İnsanı gördüklerinden ibaret sayma, göremediklerinde ara. 

İçidir hakikatin resmi, dışı sadece manzara. (Mevlana) Düşünebilen, deneyimleyebilen, yorumlayabilen, tahkikatçi, istintâk sahibi, tüm yaratılmışlara anlam ve amaç yükleyebilen, rasyonelleği ve dehasıyla her şeyin bilincinde, kutsal varoluşunun farkında ve fakat zat-ı âli -kadr'ini bilemeyecek kadar nankörlüğünde; Dünya ve dünyaya müteallik her şeye teakkud hali, sonsuzluğa malik olmaya ve nüfuz etmeye çalışan hırs ateşinin  girdabında inhisar eyleyen, kendi inzibatını ve otoritesini sağlamaya çalışan ve kurduğu sistemi yürütmek adına her yola basvurabilen,önce geldiği yeri yadırgayıp,sonra bulunduğu yere peyda ederek ünsiyet etmiş,yaratılmışlar içerisinde "nisyanın" ve ünsiyetin  bas rolünü üstlenmiş; Aktar-ı arz'a yerleşerek aitlik hissinin en dibine vurabilen, nihayetsiz emelleri söz konusu olduğunda her türlü galebe çalabilen, iktiza ederse ruhunu da karanlık mahsenlere kapatıp, taa'ddi cübbesini üzerine geçirip, nefsini iktidarın tahtına oturtarak baş zalame olabilen insan!!! Saltanatın ve iktidarın geçici. 

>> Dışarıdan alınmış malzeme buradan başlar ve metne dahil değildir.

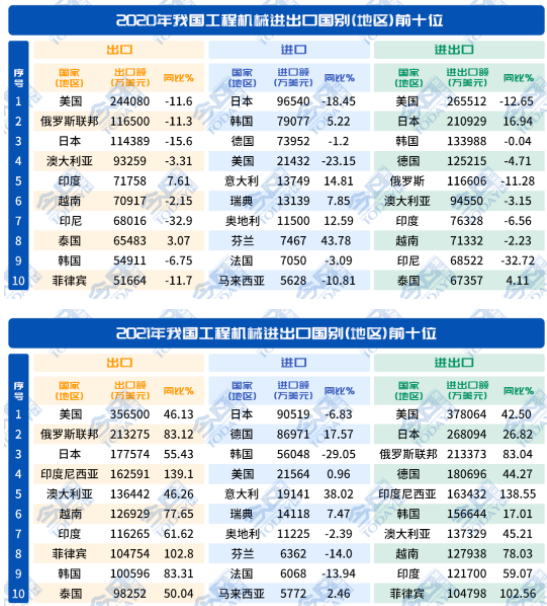 出口前二十個(gè)國家和地區(qū)市場占比為66.5%。.png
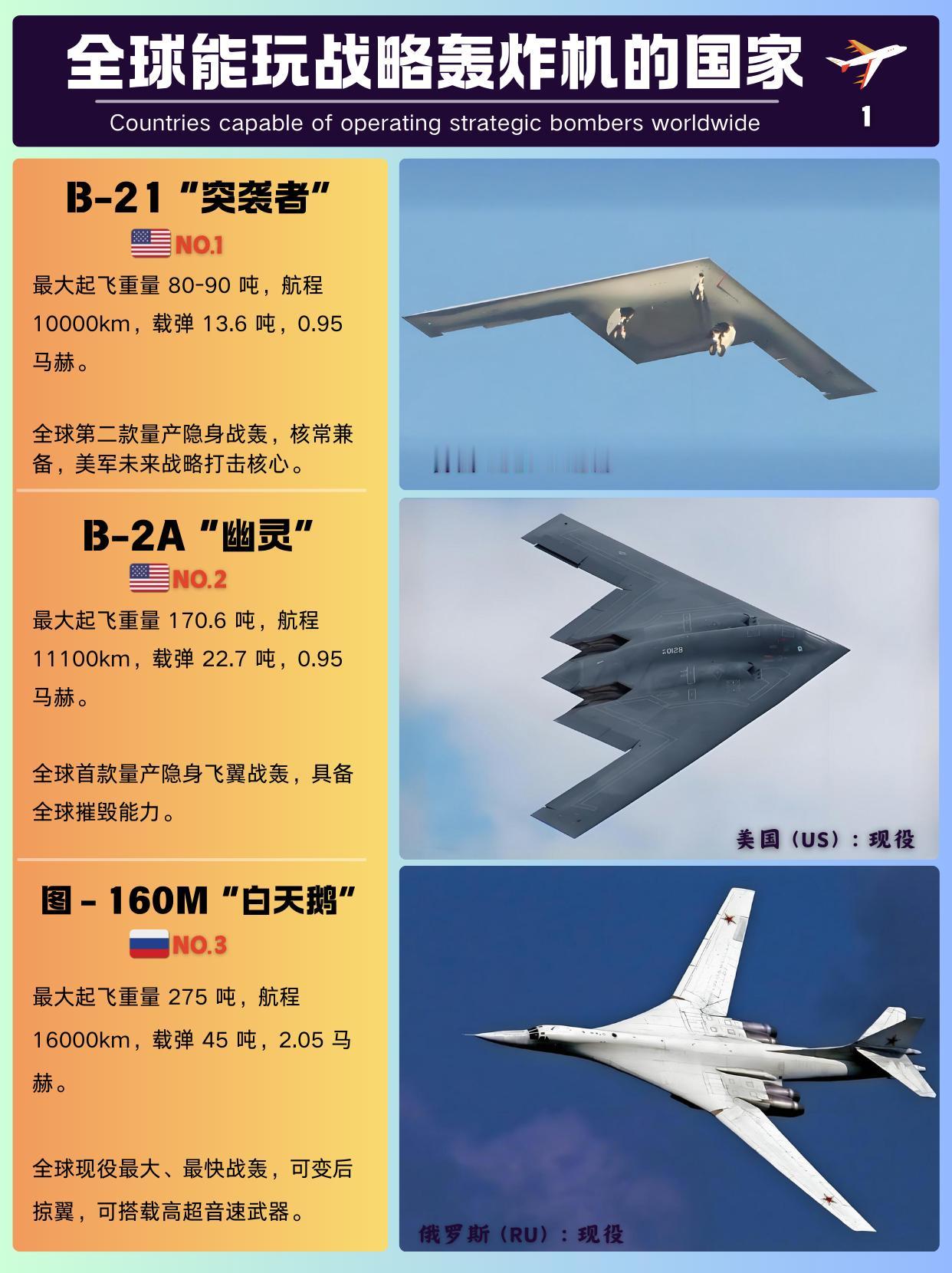 现役战略轰炸机三强核心战力参数硬核比拼目前全球能真正玩转战略轰炸机的国家，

Kitabı mukaddeste insanın zalim yönünü  ifade eden ayetleri incelediğimizde,yerlerin ve göklerin içinde bulunan her şeye egemen olabilecek kabiliyet,istidat ve yeteneğe haiz olmasına mukabil,bunca nimetleri gafilane ve zulmederek istifade etmesi zalimligini gösterir. Oysa üstün bir gaye için yaratılmıştır. 

"Hoşça bak zatına kim zübde-i alemsin sen,
Merdüm-i dide-i ekvan olan ademsin sen.
(Şeyh galip) 
Kendine dikkatlice bir bak; sen alemin özüsün,
Sen varlıkların göz bebeği olan insansın.